O campo brasileiro está se configurando num espaço privilegiado para o avanço dos grandes projetos de produção de energia

Edtorial ed. 479 - Brasil de Fato


Criada em 1922, enquanto estatal argentina com vocação para contribuir decisivamente com o desenvolvimento nacional, a YPF foi privatizada em 1992 durante a ofensiva neoliberal que tomou conta da América Latina. A recente iniciativa do governo argentino, comandado pela presidenta Cristina Kirchner, encaminhando a expropriação de 51% das ações da petroleira YPF representa mais uma derrota do neoliberalismo. Aliás, essa importante medida é amplamente apoiada pela sociedade argentina e busca garantir a soberania nacional.

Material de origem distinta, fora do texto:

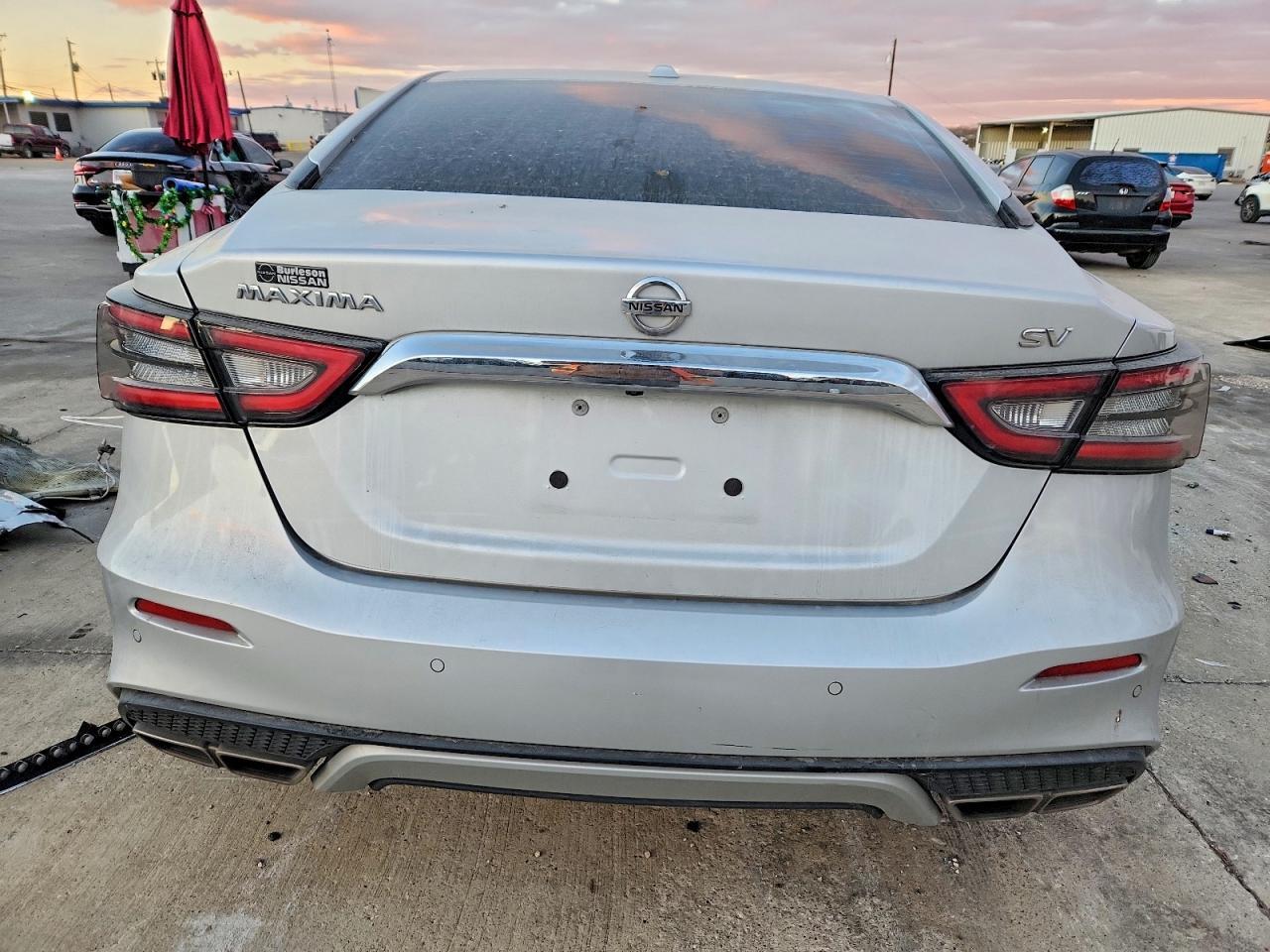 2021 Nissan Maxima 3.5 Sv - Фото 6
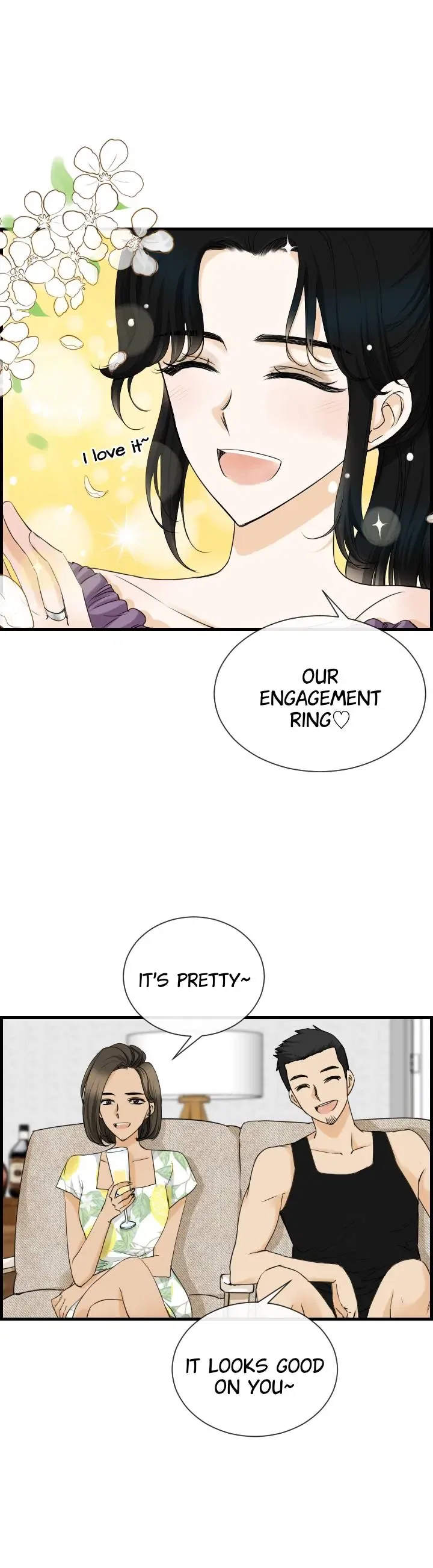 Pool in Love Chapter 40 – Page 3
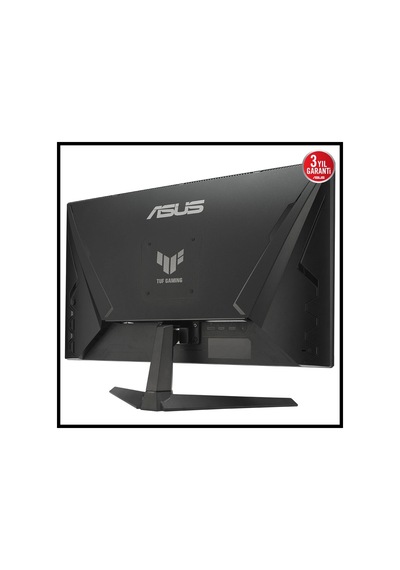Asus Tuf Gamıng Vg279qm5a 27" 0.3ms, 240hz, Full Hd, Dp, 2xhdmı, Hoparlör, Fast Ips Led, Elmb Sync P
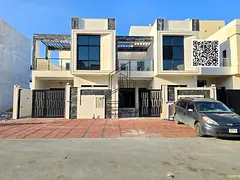 Ground floor, first floor, and roof villa behind Jasmine Park, including registration fees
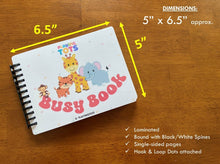 Load image into Gallery viewer, preschool activity book
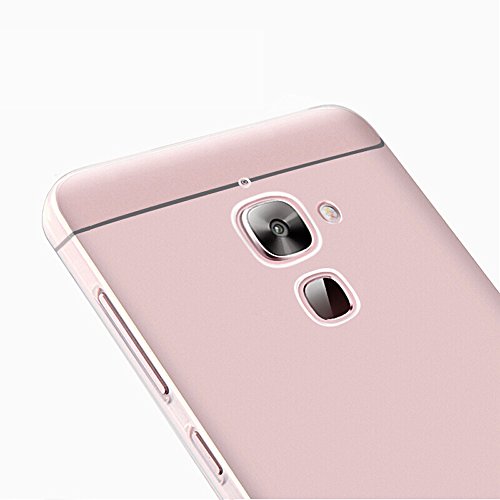Funda para LeEco Le S3  Leathlux Trasparente Suave TPU Carcasa Protector Bumper Tapa Claro Flexible Silicona Gel Ultra Delgado Cubierta para LeEco Le S3 5 5  reviews Funda para LeEco Le S3  Leathlux Trasparente Suave TPU Carcasa Protector Bumper Tapa Claro Flexible Silicona Gel Ultra Delgado Cubierta para LeEco Le S3 5 5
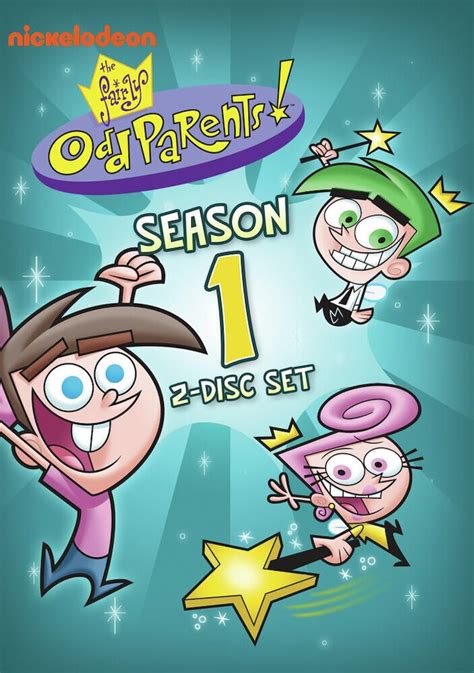 fairly oddparents season 1.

As privatizações provocaram o efeito perverso de desnacionalizar as economias latino-americanas. No caso argentino, durante o ano de 2011, foi a primeira vez, nos últimos dezessete anos, que nossos vizinhos tiveram que importar petróleo e gás. Isso ocorreu porque a exploração desses recursos naturais estratégicos estava sob o controle do capital privado, a transnacional Repsol que transferia grande parte de seus lucros astronômicos para a matriz espanhola e não fazia investimentos sufi cientes no setor de petróleo e gás. É sabido por todos que o controle dos recursos naturais estratégicos pela sociedade e pelo Estado é fundamental para a soberania política e econômica de qualquer país. Um bom exemplo é o desafio da industrialização, pois os recursos naturais influenciam diretamente nos custos de produção. Não é por acaso que diante da atual crise econômica mundial, as transnacionais buscam a todo custo obter o controle dos recursos naturais. Diante das incertezas da crise econômica, comprar terras, reservatórios aquíferos, florestas e recursos minerais significa se apropriar de reservas de valores que dão maior estabilidade para os capitalistas.

As grandes transnacionais do capitalismo contemporâneo entendem os recursos naturais como commodities à disposição do livre mercado. As lutas dos povos latino-americanos têm expressado outra concepção. Uma compreensão fundada na utilização sustentável dos recursos naturais a serviço da vida dos povos e dos interesses nacionais. Um dos objetivos centrais do governo argentino com a retomada do controle da YPF é mudar o seu modelo energético para que funcione de acordo com os interesses nacionais. Uma mudança estrutural dessa magnitude não se concretiza sem o controle dos recursos naturais estratégicos pelo Estado. Consequentemente, esse controle não se viabiliza se o governo e a sociedade não enfrentarem os interesses das empresas transnacionais.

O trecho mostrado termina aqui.